Your goal
When you retype the entries, keep each one exact and leave out the pictures.

[Material shown Boundary: Start]

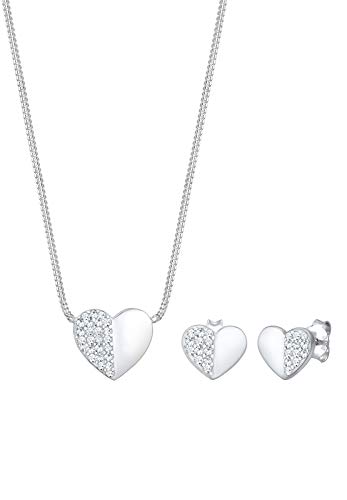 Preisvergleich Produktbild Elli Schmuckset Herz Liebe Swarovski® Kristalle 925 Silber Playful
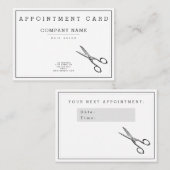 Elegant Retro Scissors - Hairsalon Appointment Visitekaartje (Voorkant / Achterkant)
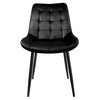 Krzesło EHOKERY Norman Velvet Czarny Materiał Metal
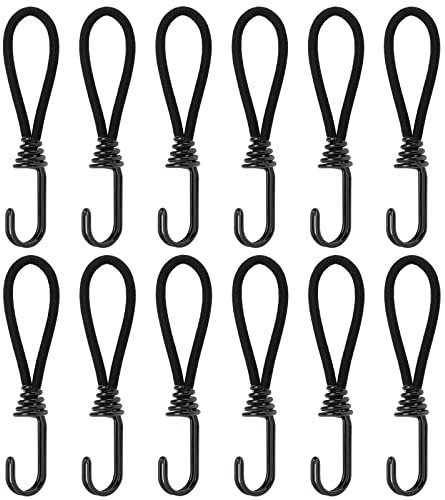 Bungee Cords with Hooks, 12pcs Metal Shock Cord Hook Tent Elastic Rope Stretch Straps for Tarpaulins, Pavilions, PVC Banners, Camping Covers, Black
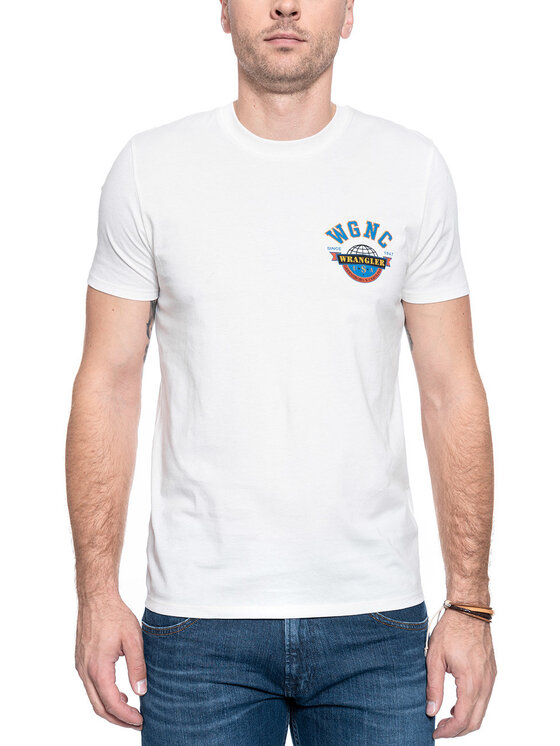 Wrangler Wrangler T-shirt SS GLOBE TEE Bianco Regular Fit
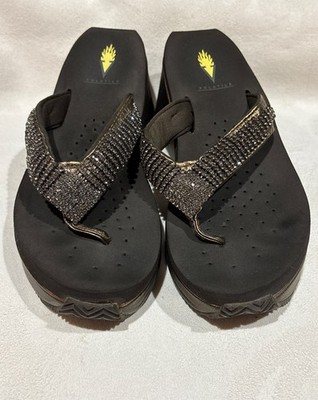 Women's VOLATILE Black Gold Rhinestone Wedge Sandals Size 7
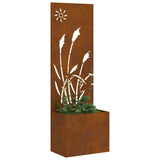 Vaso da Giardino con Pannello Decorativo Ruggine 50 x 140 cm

[Material shown Boundary: End]

Answer below
 Preisvergleich Produktbild Elli Schmuckset Herz Liebe Swarovski® Kristalle 925 Silber Playful
 Elegant Retro Scissors - Hairsalon Appointment Visitekaartje (Voorkant / Achterkant)
 Krzesło EHOKERY Norman Velvet Czarny Materiał Metal
 Bungee Cords with Hooks, 12pcs Metal Shock Cord Hook Tent Elastic Rope Stretch Straps for Tarpaulins, Pavilions, PVC Banners, Camping Covers, Black
 Wrangler Wrangler T-shirt SS GLOBE TEE Bianco Regular Fit
 Women's VOLATILE Black Gold Rhinestone Wedge Sandals Size 7
 Vaso da Giardino con Pannello Decorativo Ruggine 50 x 140 cm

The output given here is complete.